The stats, if you want them, are genuinely absurd for a player who spent half his career being judged on heart rather than numbers. 7,273 Test runs, average 34.46, fourteen hundreds. 252 wickets, average 30.98. Only one other man in the history of the format has the 7,000-run, 250-wicket double, and that’s Jacques Kallis, which puts Stokes in about as rare company as Test cricket has to offer. He reached it on day two of this very match, two days before he told anyone he was finishing up. Nobody planned that timing. Cricket just does that sometimes.

Go back to Cape Town for his highest score, 258 against South Africa during the 2015-16 tour, struck off just 198 balls with 30 fours and 11 sixes, years before anyone in the cricket world had started using the word Bazball to describe anything. He and Jonny Bairstow set a world record sixth-wicket partnership of 399 in that same innings, but their world record was officially broken just days ago on June 28, 2026. That’s worth remembering, actually, because it’s easy to think of Stokes as a product of the McCullum era, all aggression and no fear, when really he was already bending matches around himself well before any of that started.
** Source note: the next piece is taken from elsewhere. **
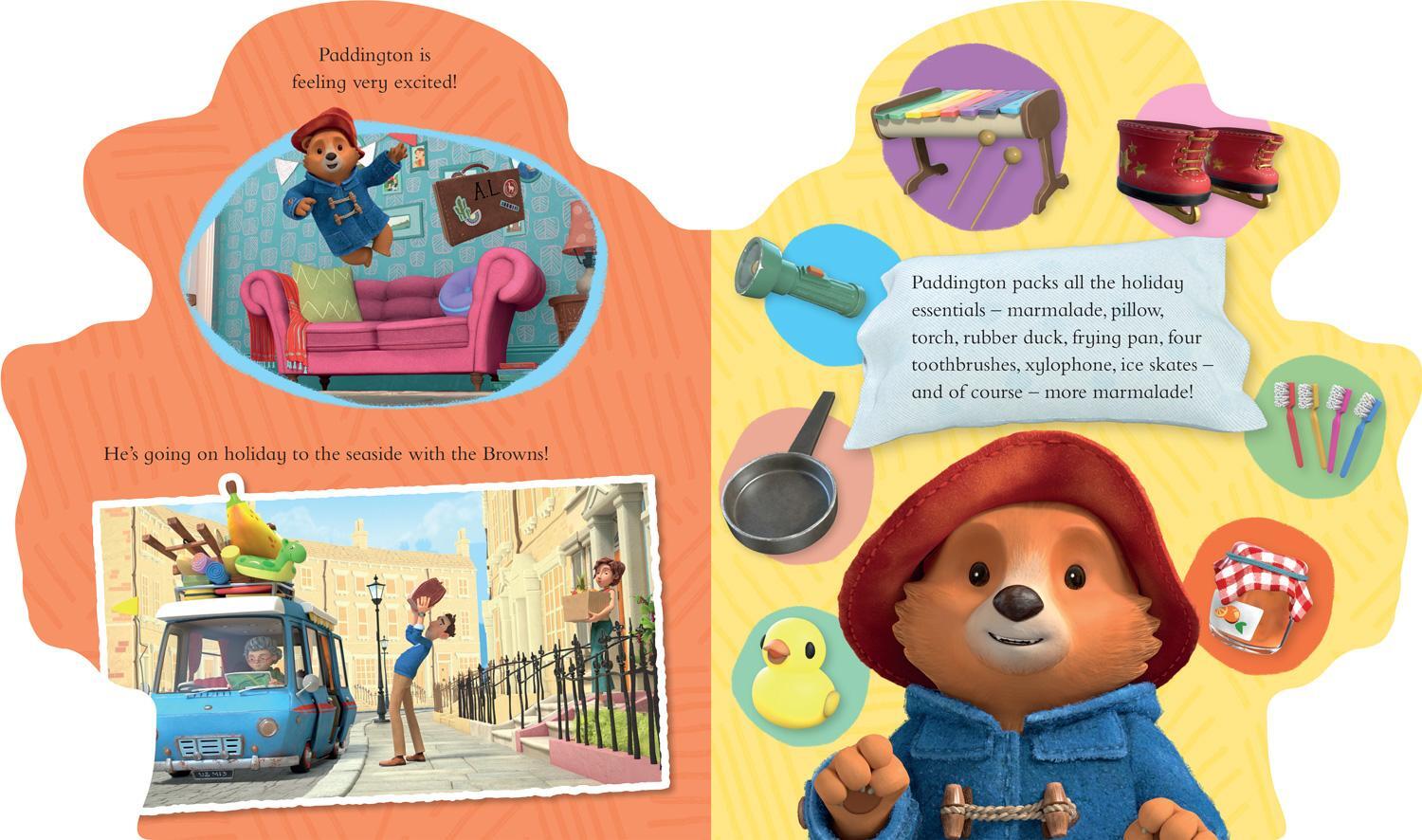 Bild: 9780008621629 | The Adventures of Paddington | Harpercollins Children's Books | Buch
He also leaves as Test cricket’s all-time leading six-hitter, with 138 sixes, a record he took from his own coach, Brendon McCullum, back in February 2023.
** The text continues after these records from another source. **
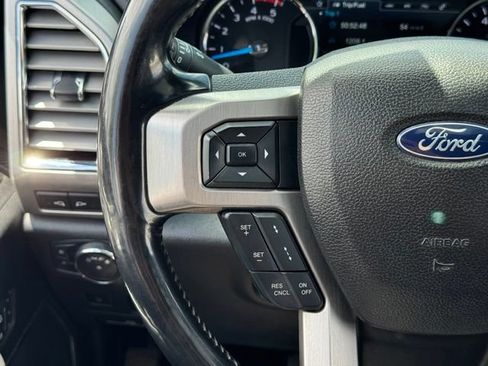 Certified 2017 Ford F350 Platinum w/ Platinum Ultimate Package AWD/4WD image 29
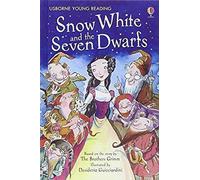 Snow White and The Seven Dwarfs (Young Reading Series 1)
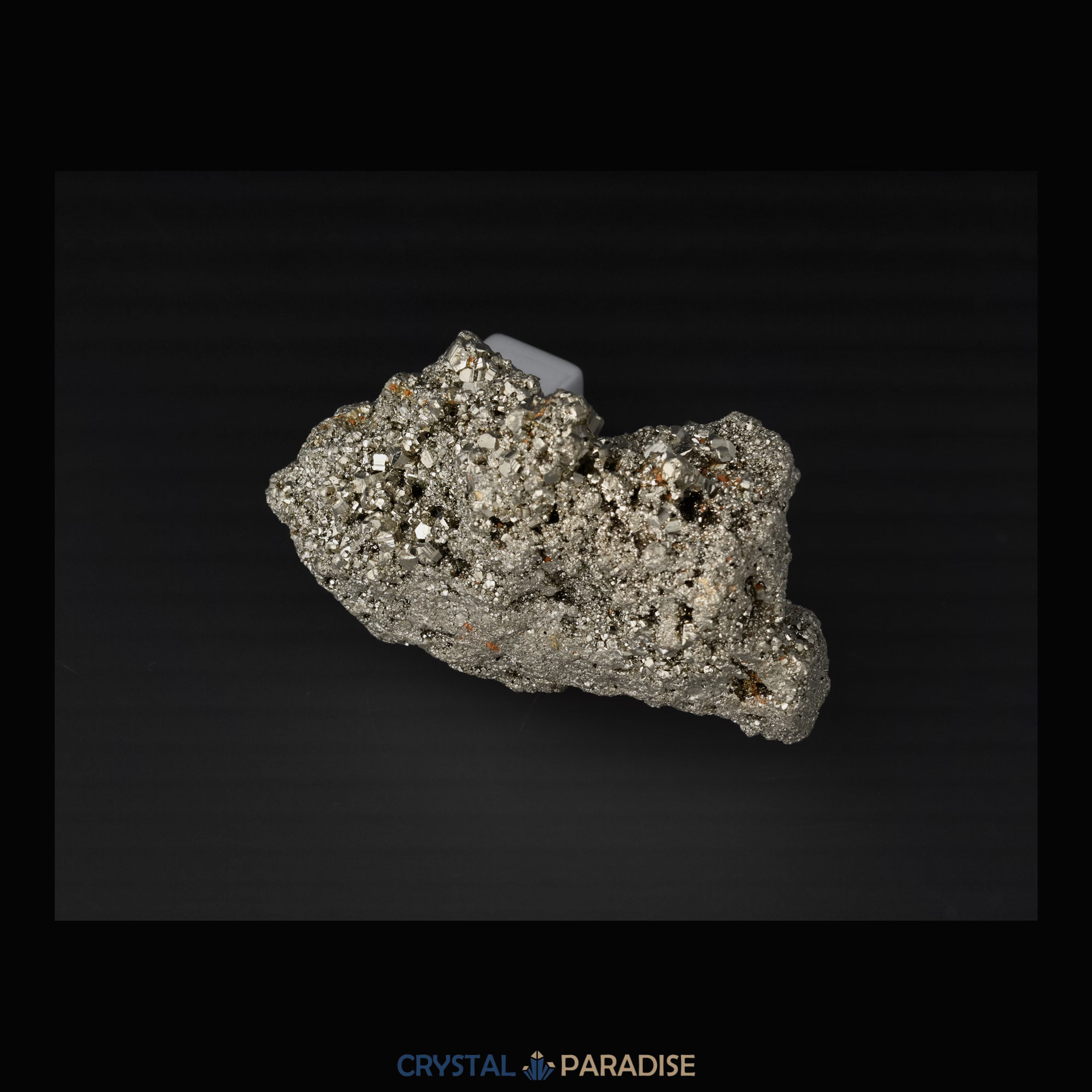 Pyrit aus Huánuco, Peru (510g) – Ansicht 9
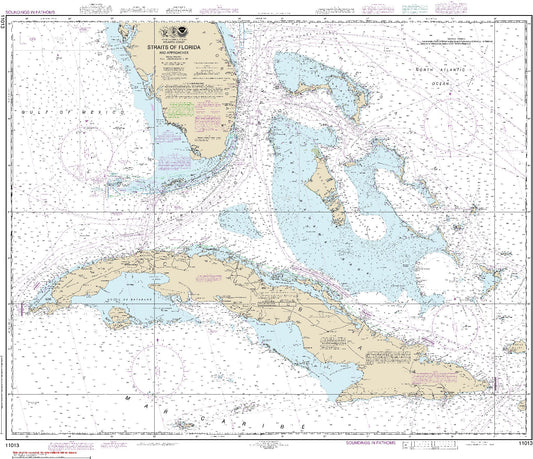 Straits of Florida (11013) by NOAA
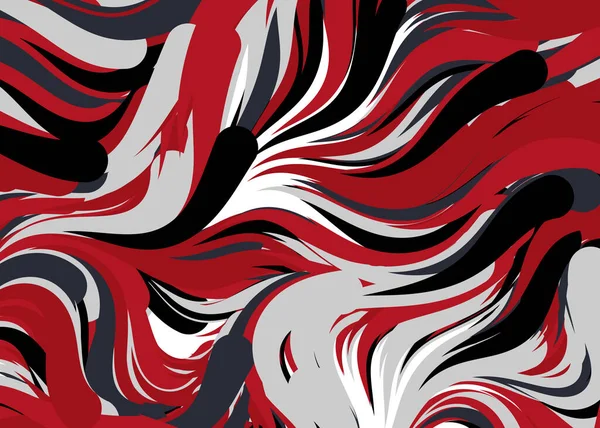 Аннотация Perlin Noise Geometric Pattern Generative Computational Art Illustration — стоковый вектор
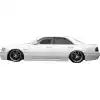 VSaero FRP JD Side Skirts for Infiniti Q45 Y33 Cima 1997-2001 - Image 6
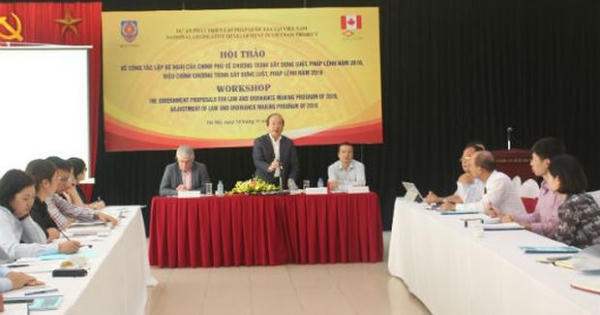 Quyết chấm dứt tình trạng 'vừa thiết kế, vừa thi công' trong xây dựng chính sách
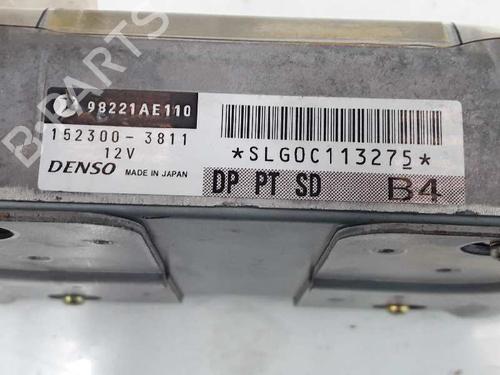 ECU airbags SUBARU OUTBACK (BE, BH) 3.0 H6 AWD (BHE) | BP5571986M53 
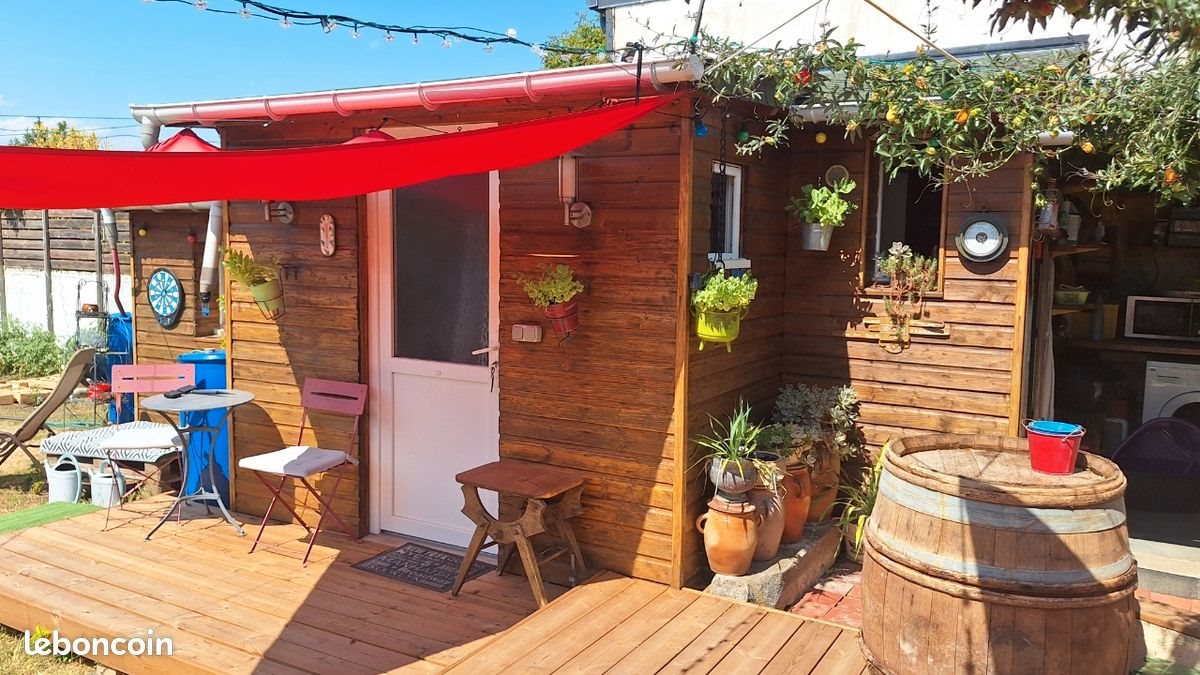 Maison à louer, 20m², Bourges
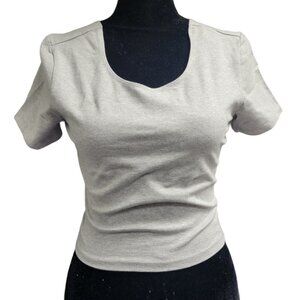 American Apparel Crop Top/Dancewear. RSA8380W. Size Small. NWT $320 Box of 36.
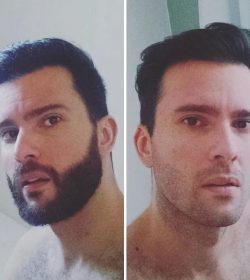 commento barba rasata commento barba rasata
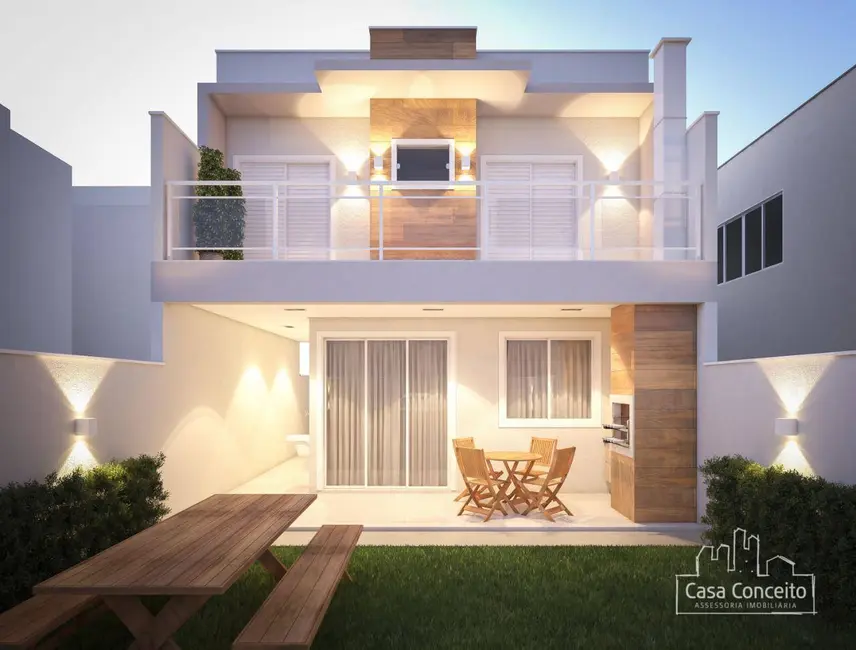 Foto 3 de Sobrado com 4 quartos à venda, 175m2 em Loteamento Dinorá Rosa, Sorocaba - SP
Born in Christchurch, New Zealand, he moved to England at age 12 when his father took a rugby league coaching job in Cumbria. Fifteen years total in the international set-up, beginning with the white-ball sides in 2011, Test debut in Adelaide two years after that, straight into an Ashes tour because England clearly already knew what they had.

Building the Bazball Era

April 2022, the captaincy lands with him. He brings in McCullum as coach, and between the two of them they essentially rewrite the rulebook on how Test cricket gets played, results be damned; just go after it. Eleven wins from his first thirteen Tests in the job. That’s not someone growing into a role. That’s someone who already knew exactly what he wanted to do with it.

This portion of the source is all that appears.